* **Task instructions**: Print the entries below word for word; the pictures stay out of your copy.

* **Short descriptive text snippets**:
::::
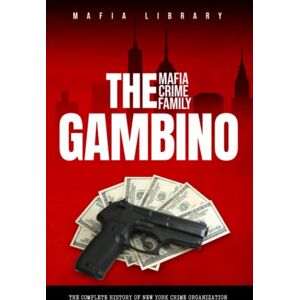 Library, Mafia The Gambino Mafia Crime Family: The Complete and Fascinating History of New York Crime Organization (Five Families) (The Five Families) Library, Mafia The Gambino Mafia Crime Family: The Complete and Fascinating History of New York Crime Organization (Five Families) (The Five Families)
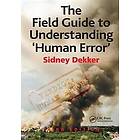 Sidney Dekker: The Field Guide to Understanding 'Human Error'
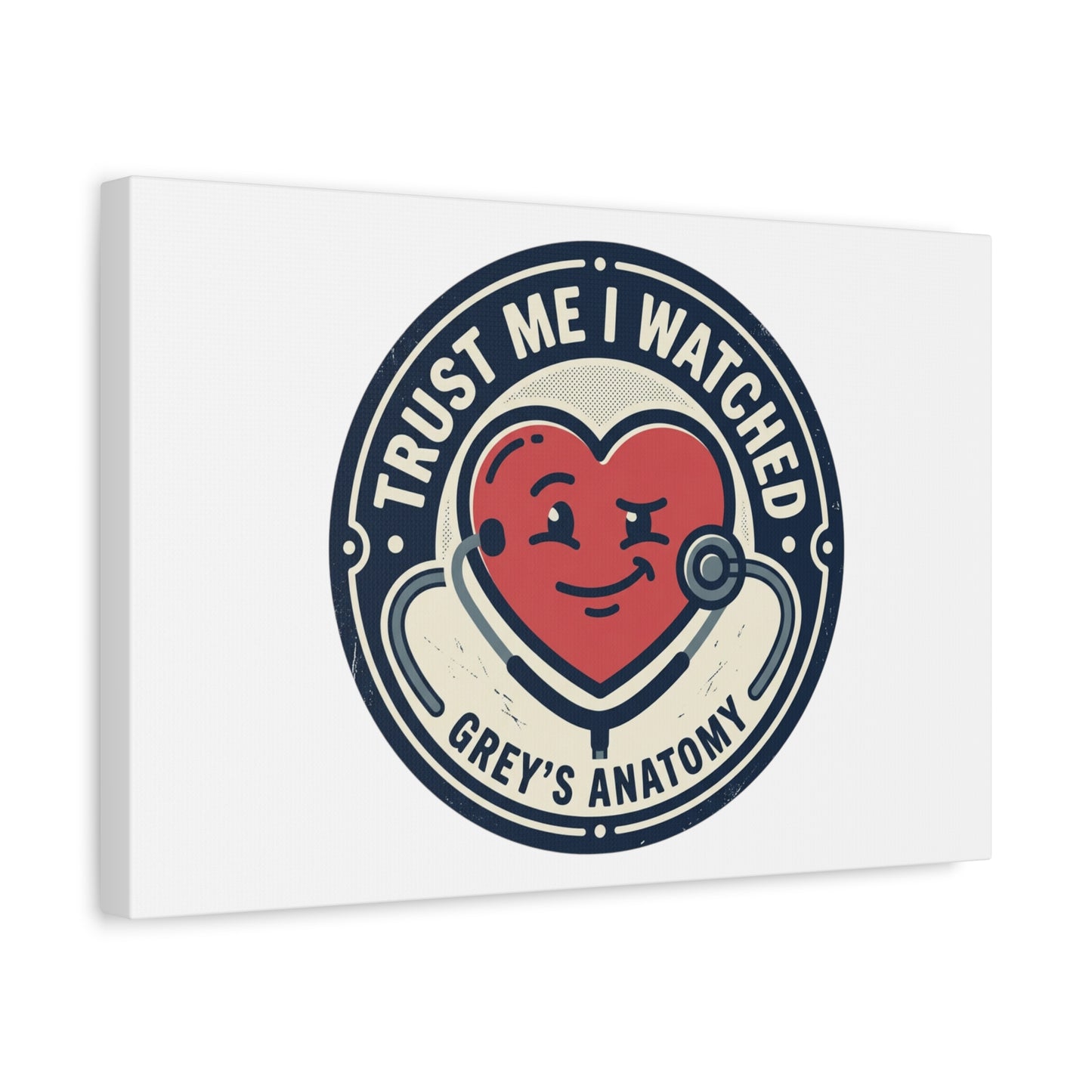 'Trust Me I Watched Grey’s Anatomy' Matte Canvas Wall Art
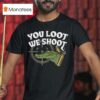 Jd Delay You Loot We Shoo T Shirt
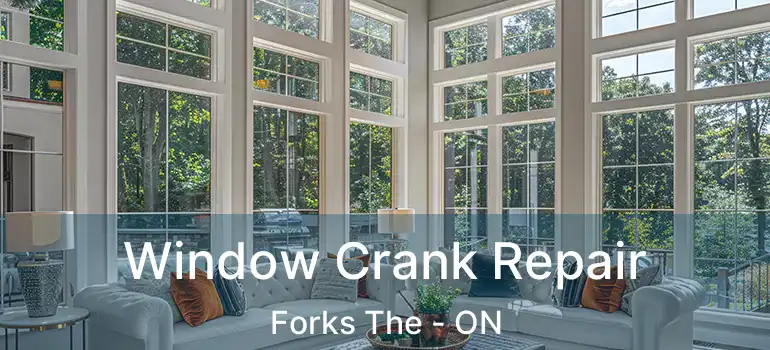  Window Crank Repair Forks The - ON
::::
* **Result of this task**:
 Library, Mafia The Gambino Mafia Crime Family: The Complete and Fascinating History of New York Crime Organization (Five Families) (The Five Families) Library, Mafia The Gambino Mafia Crime Family: The Complete and Fascinating History of New York Crime Organization (Five Families) (The Five Families)
 Sidney Dekker: The Field Guide to Understanding 'Human Error'
 'Trust Me I Watched Grey’s Anatomy' Matte Canvas Wall Art
 Jd Delay You Loot We Shoo T Shirt
  Window Crank Repair Forks The - ON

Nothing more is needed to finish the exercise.